Resource Requests: The Root Cause
The most common misconfiguration is resource requests that don't match actual usage. A pod requests 2 CPU cores and 4GB memory because that's what someone guessed during initial deployment. Actual usage is 0.3 CPU and 800MB. The Kubernetes scheduler reserves the requested resources, so even though the pod only uses 15% of what it asked for, nothing else can use the remaining 85%. Multiply this by 50-100 pods and you're running 3x more nodes than you need. The fix is straightforward: use tools like Kubernetes Metrics Server, Goldilocks, or Kubecost to measure actual resource usage over 2-4 weeks, then adjust requests to match P95 utilization with a 20% buffer.
Node Sizing and Instance Selection
Another common issue is using the wrong instance types. Teams default to m5.xlarge (4 vCPU, 16GB) because it's a safe general-purpose choice.

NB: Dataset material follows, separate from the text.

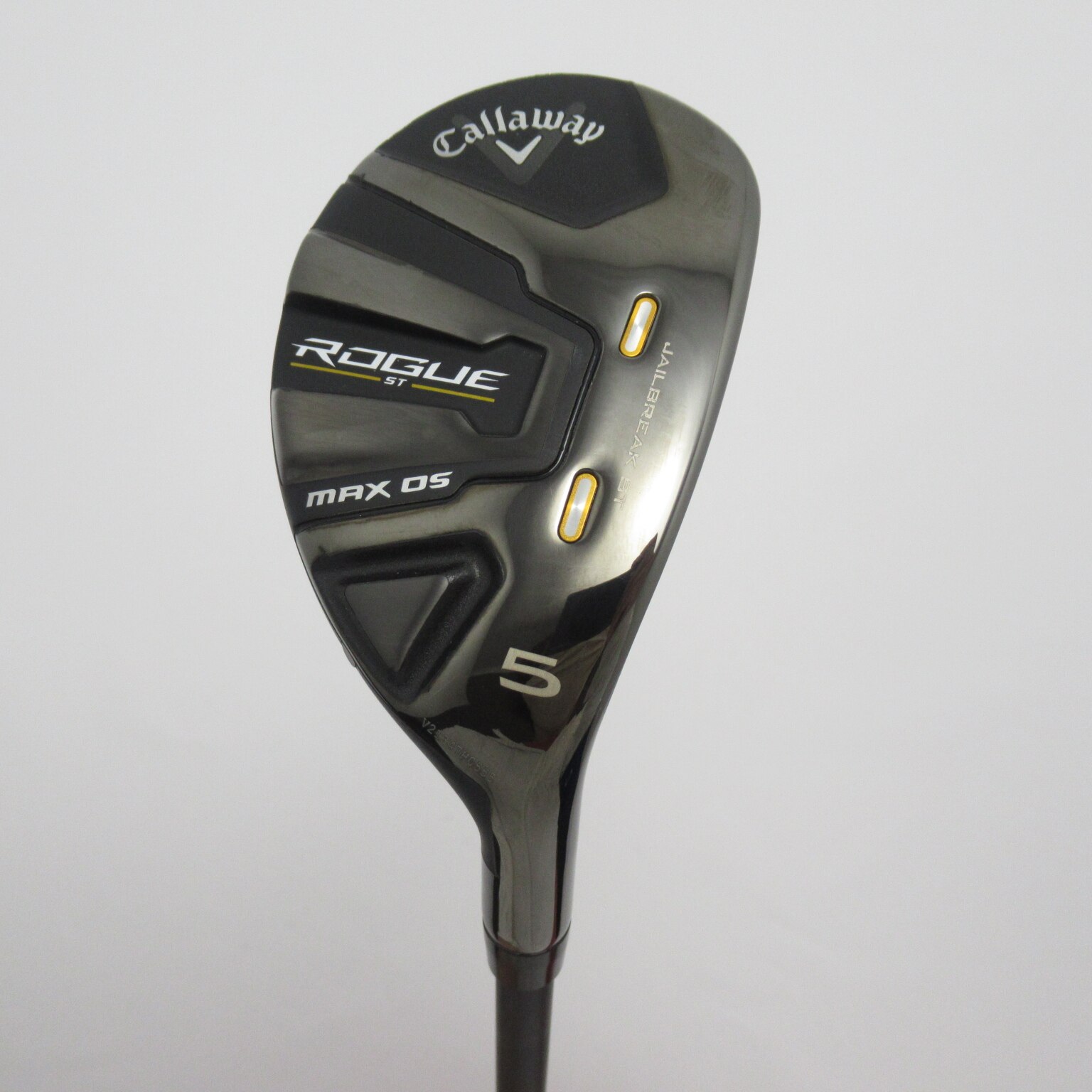 中古】ローグ ST MAX OS ユーティリティ VENTUS 5 for Callaway 24 R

But if your workloads are memory-heavy, you end up wasting CPU. If they're CPU-heavy, you waste memory. We use Karpenter (AWS's node provisioning tool for EKS) to automatically select the optimal instance type based on pending pod requirements. Karpenter can choose from a pool of instance types and sizes, including spot instances, to minimize cost while meeting resource needs. Switching from static node groups to Karpenter typically saves 25-40% on compute.
Spot Instances for Non-Critical Workloads
Spot instances on EKS offer 60-70% savings over on-demand pricing. They work well for stateless workloads that can tolerate interruption: development environments, batch processing, CI/CD runners, and non-user-facing services. The key is separating workloads into critical (on-demand or reserved) and non-critical (spot-eligible) using node affinity and taints. We typically run 40-60% of a cluster's workloads on spot instances. With proper pod disruption budgets and multi-AZ spot diversification, interruption rates are under 5% and handled gracefully by Kubernetes rescheduling.
The Optimization Playbook
Our standard EKS cost optimization engagement follows this sequence: install metrics collection (Prometheus + Kubecost) and measure for 2 weeks. Right-size resource requests based on observed P95 usage. Deploy Karpenter to replace static node groups. Implement spot instances for eligible workloads. Set up Goldilocks for ongoing resource recommendation. Configure cluster auto-scaler (or Karpenter) scaling policies to be more aggressive about scaling down. On a recent engagement, a 40-node EKS cluster dropped to 18 nodes with identical workload performance. Monthly compute cost went from $14K to $5,800.